Manhattan Beach's Growth During The Depression
During the great depression, financial problems were not the only trouble the Manhattan Beach community faced. The gravity of the Depression was dramatized more by such events as the suicide of Charles Avey, who was the agent for the Manhattan Beach Development Company and one of the city's leading citizens. The fortune of the development company had begun to decline even before the stock market crash. His suicide was attributed to financial difficulties and domestic troubles. Avey's death may have been one of the earliest Depression-related suicides in the city but it was by no means the only one. Means of self-destruction ranged from ant poison to jumping off the pier.
While the Depression was being felt in many different ways throughout the city, road construction was probably least affected by the Depression. The American people's love affair with the automobile in the 1920's had stirred a broad-based demand both nationally and at the state level for better roads.
The largest project in Manhattan Beach at this time was the paving of Sepulveda Boulevard, formerly rough, eucalyptus-lined Camino Real. In 1930, work moved rapidly on the sub-grading. Three steam shovels began cutting through the hill at the intersection of Sepulveda and the Santa Fe Railroad tracks. Bulldozers moved huge quantities of dirt to raise the level of the grade separation at the tracks. Prior to the grade separation the road went across the railroad tracks.
Cement piers which supported the bridge over the tracks near Valley Drive and Sepulveda, were built by the State of California. On October 29th, bids for the remaining work were opened by the City and awarded to a local-construction company the "Kuhn Brothers." The company had secured the contract for the construction of the bridge, which called for approximately 1,200 yards of cement.
Not everyone saw the roadwork as progress; there were several lawsuits against the city. One such suit was filed in April 1930, by Ora and Lena Schreider, seeking $1,500 for alleged 'damages to their property caused by the grading of Sepulveda that left their land 14 feet BELOW the street.
It would not be until April 1931 that work was finished and the strip of road was open for travel. On October 20, 1932, the City Council adopted Ordinance 389, making the stretch of road from Rosecrans Avenue to our southerly boundary officially named "Sepulveda Boulevard."
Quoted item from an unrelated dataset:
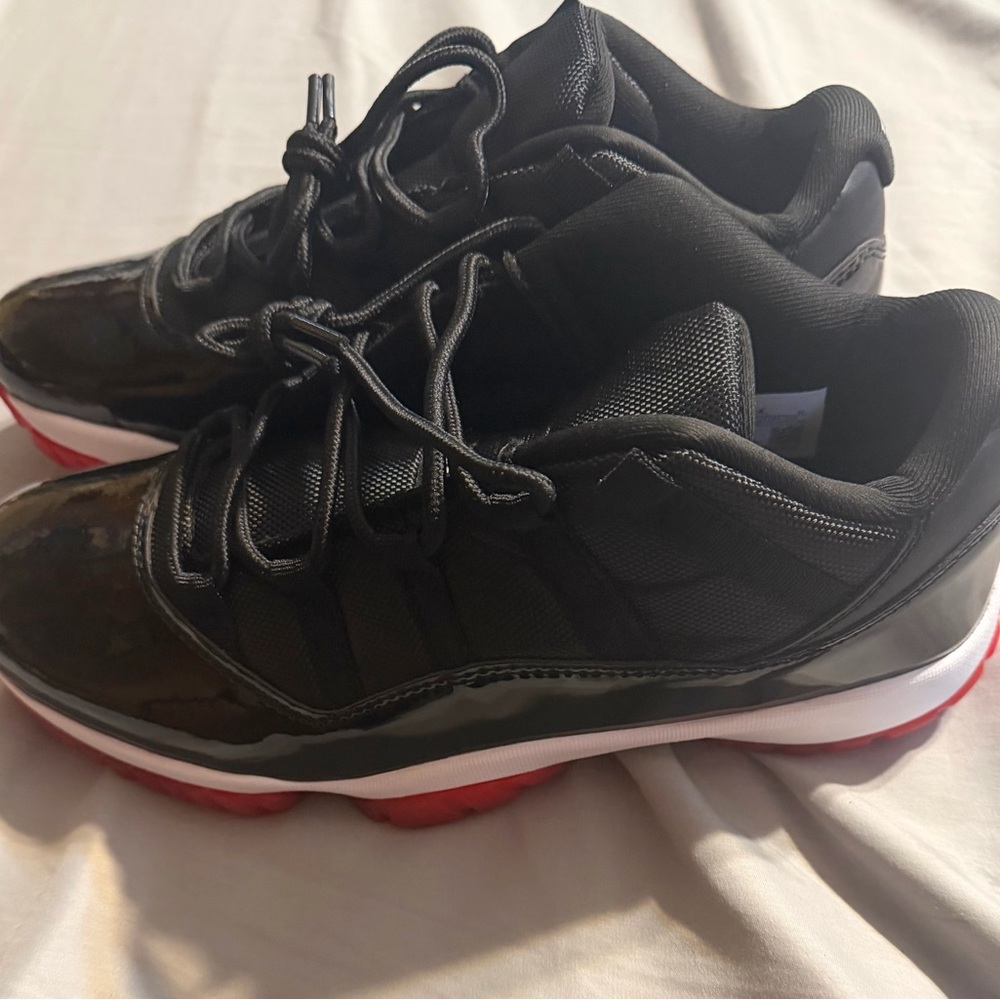 Jordan 11s Low Breds 2025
The big snag was getting the highway through El Segundo. At first the residents resisted, but with a 26 to 10 vote in a special election contingent upon county money, the idea was approved. Work began in November of 1933 by a crew of men employed by J.L. McLain, who had been awarded the paving contract. With the completion of the highway through EI Segundo on May 11, 1934, one could drive North without detouring at Rosecrans Avenue.
With Sepulveda cut through, Manhattan Beach was now on the main North-South traffic artery system. There had been an effort in 1932, of making the City of Manhattan Beach the western-end of Interstate 60, which stretched sea to sea from Virginia Beach, Virginia to Southern California, however, the project never happened.
As residents were seeing changes in the ability to move throughout the area, they were also seeing changes in governmental relief, recovery and reform, the "Three Rs" implement by the new president, Franklin D. Roosevelt. Initially, the most important of these for Manhattan Beach and virtually every other community in America was relief. At the beginning direct cash relief and distribution of surplus food took precedence, however, later the emphasis was switched to work relief.
Ultimately, going through such a major construction during the Depression was incredibly taxing on Manhattan Beach and its residents, but it ultimately proved to be a vital component to the development and growth of the city.